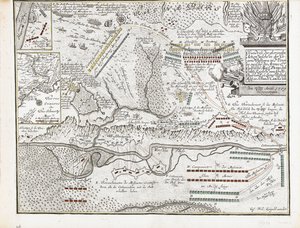 Kort over slaget ved Poltava den 27. juni 1709 af Joseph Friedrich Leopold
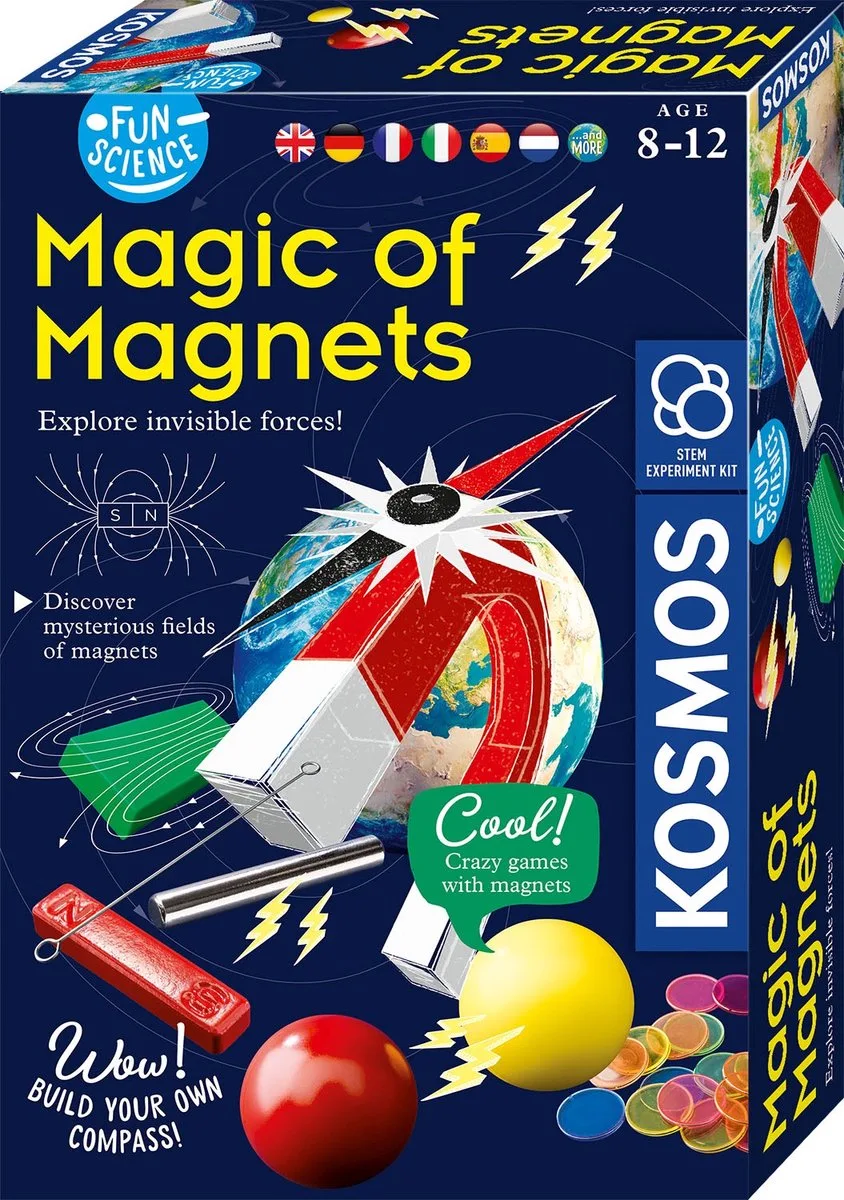 Experimenteerset - Ontdek de Kracht van Magneten - Bouw Je Eigen Kompas - 9 Magnetische Experimenten en Spellen - STEM Speelgoed - Vanaf 8 Jaar från KOSMOS i Magic of Magnets – produktbild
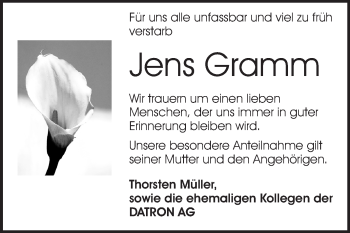 Traueranzeige von Jens Gramm von Darmstädter Echo, Odenwälder Echo, Rüsselsheimer Echo, Groß-Gerauer-Echo, Ried Echo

· · · ·

_GOAL OF THE EXERCISE_.
If the listing above includes images, copy every line of it exactly except those images.

_ANSWER TO THIS PROBLEM_.
 Kort over slaget ved Poltava den 27. juni 1709 af Joseph Friedrich Leopold
 Experimenteerset - Ontdek de Kracht van Magneten - Bouw Je Eigen Kompas - 9 Magnetische Experimenten en Spellen - STEM Speelgoed - Vanaf 8 Jaar från KOSMOS i Magic of Magnets – produktbild
 Traueranzeige von Jens Gramm von Darmstädter Echo, Odenwälder Echo, Rüsselsheimer Echo, Groß-Gerauer-Echo, Ried Echo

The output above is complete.